Derechas e izquierdas se atacaban mezclando el dato y el argumento razonable con el insulto y la calumnia. «Tienes que votar para librarte de la tiranía roja», clamaba obsesivamente la CEDA, y los socialistas, no menos obsesivamente, «en sus carteles aconsejaban al elector que huyese como de la peste de la caterva clerical, inquisitorial, militarista y burguesa. Estas llamadas se formulaban entre espadones, mitras, buitres garrudos y caras de hambre». Florecían los mítines por centenares y «un cataclismo oratorio inundaba a España. Los oradores contrarios a los Gobiernos del bienio exhumaban los recuerdos y sucesos trágicos, mientras los socialistas y republicanos de izquierda cargaban en el haber de los monárquicos, radicales y reaccionarios la responsabilidad de todos los males», relata Arrarás[3].
Largo Caballero difundía con especial vigor la semilla revolucionaria: «La lucha ha quedado planteada entre marxistas y antimarxistas. (…) y eso nos llevará inexorablemente a una situación violenta». «Vamos legalmente hacia la evolución de la sociedad. Pero si no queréis (los burgueses), haremos la revolución violentamente. Esto, dirán los enemigos, es excitar a la guerra civil. Pongámonos en la realidad (…) Estamos en plena guerra civil (…) Lo que pasa es que esta guerra no ha tomado aún los caracteres cruentos que, por fortuna o desgracia, tendrá inexorablemente que tomar». Culpaba de aquella situación a los propios republicanos históricos, «los elementos que tenían la obligación de defender la República», y no lo habían hecho. El bienio anterior, el PSOE había renunciado a mucho en aras del gobierno común, porque «sabíamos que, fuera del nuestro, no había partidos organizados en la República», pero el pago había sido la traición: «En Madrid aún se tiene algún pudor, pero en las provincias todos los llamados republicanos históricos están apoyando descaradamente a las derechas». Su denuncia le llevaba a inesperadas coincidencias con la reacción: «Ahora la clase trabajadora se va dando cuenta de cuáles son sus derechos, y ella, que ayudó a la república, ha visto que en el nuevo régimen se encuentra más incómodamente que en el antiguo. Porque, hablando con franqueza, en la monarquía había un cierto pudor político en algunos hombres, y la pugna entre liberales y conservadores por atraerse a las clases obreras hacía que se dictaran leyes sociales». Pintaba a los radicales como peores que los fascistas, y lamentaba, jugando un poco con las palabras: «Se nos combate a los únicos republicanos, que somos nosotros.

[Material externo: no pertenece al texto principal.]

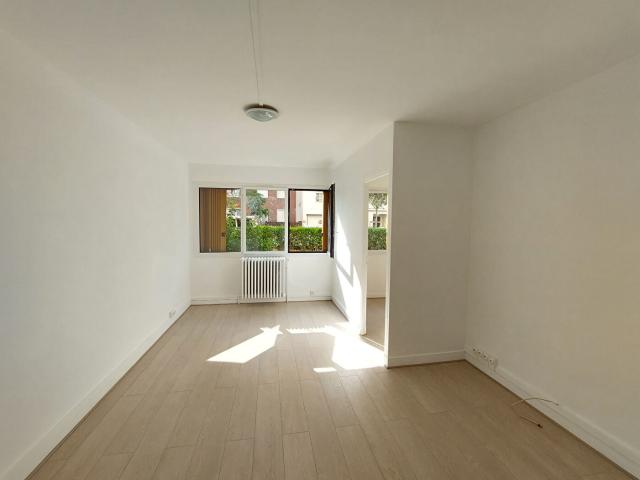 TROIS PIECES DE 54 M2 LOUE VIDE + BOX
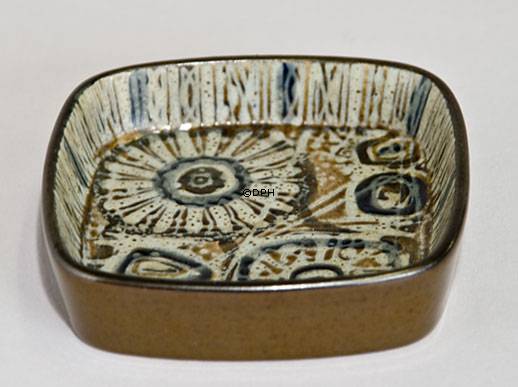 Fajance skål af Nils Thorssen, Royal Copenhagen nr. 870-2882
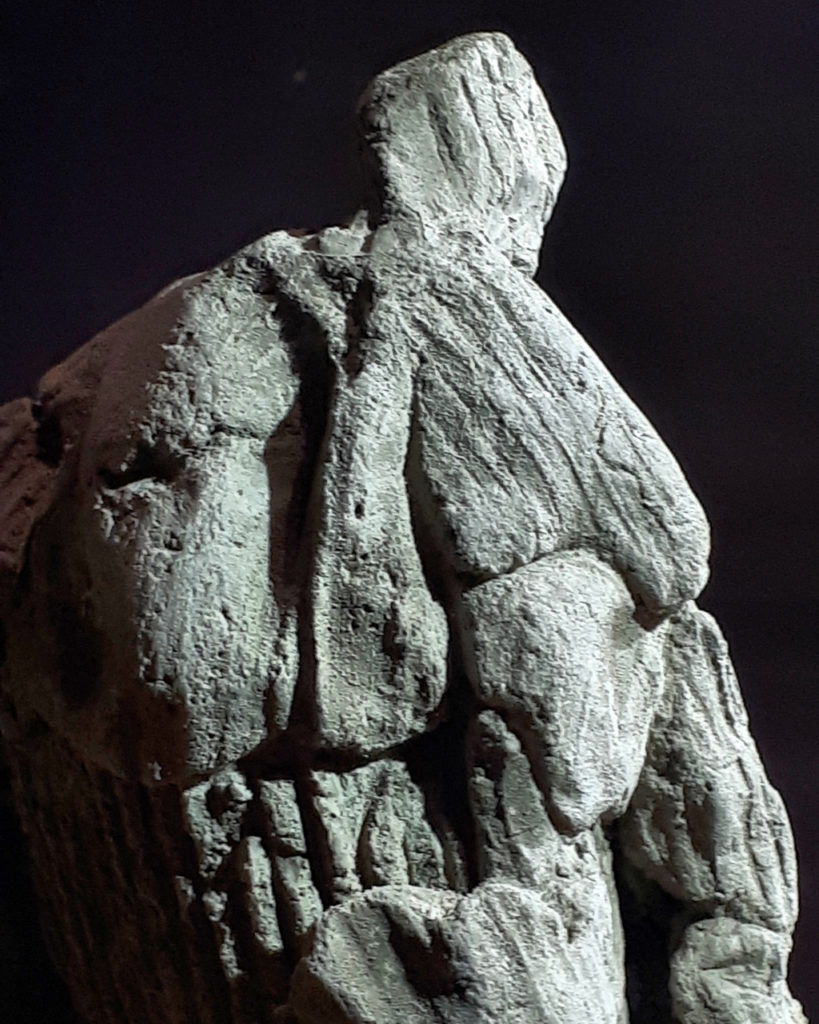Sculpture en béton de Philippe Doberset représentant un détail d'un personnage de la série ometto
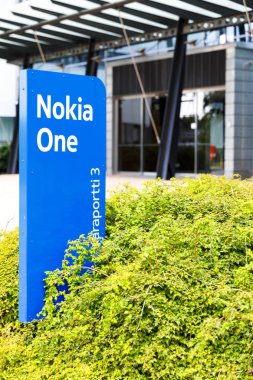 Nokia marka adı üzerinde 16 Eylül 2017 üzerinde mavi bir işaret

Porque (…) ser socialista es ser republicano. Porque no puede haber socialismo sin república». Claro que su república deseada tenía cierta peculiaridad: «Gracias a nosotros la República se sostendrá. Pero (…) para transformarla en un régimen nuestro». Idea bastante lógica, porque la democracia burguesa era, en realidad, «una dictadura contra la clase obrera (…) El solo hecho de que haya una mayoría burguesa en el parlamento es una dictadura». «La democracia burguesa no es más que una composición de palabras».
Sólo quedaba la vía revolucionaria, y Largo creía que los obreros lo iban entendiendo. Al colaborar en el derribo de la monarquía y luego en el gobierno, «sabíamos muy bien que la república burguesa no emancipaba económicamente a los trabajadores (…) El objetivo (…) era el de quitar la venda a la clase trabajadora para que supiera que con la república burguesa no se había de redimir. Y esto (…) lo hemos logrado ¡Qué diferencia entre el actual espíritu de la clase trabajadora y el que había antes del advenimiento de la república!». Se daban, además, otros fenómenos prometedores: «Antes, cuando se hablaba de movimientos militares, eran los generales los que los hacían (…) para salvar al rey (…) Si hoy puede haber un movimiento de tipo militar (…) será de sargentos y soldados».
La tarea próxima consistía en conquistar el poder, y «el día que lo tengamos (…) no tendremos titubeos ni dudas. No caeremos en la debilidad en que cayó la República. Y que no nos pidan transigencias ni benevolencias». Aludía nítidamente al «cortejo sangriento», cuya ausencia creía Prieto un error fundacional del régimen: «En las elecciones de abril, los socialistas renunciaron a vengarse de sus enemigos y respetaron vidas y haciendas; que no esperen esa generosidad en nuestro próximo triunfo. La generosidad no es arma buena. La consolidación de un régimen exige hechos que repugnan, pero que luego justifica la Historia».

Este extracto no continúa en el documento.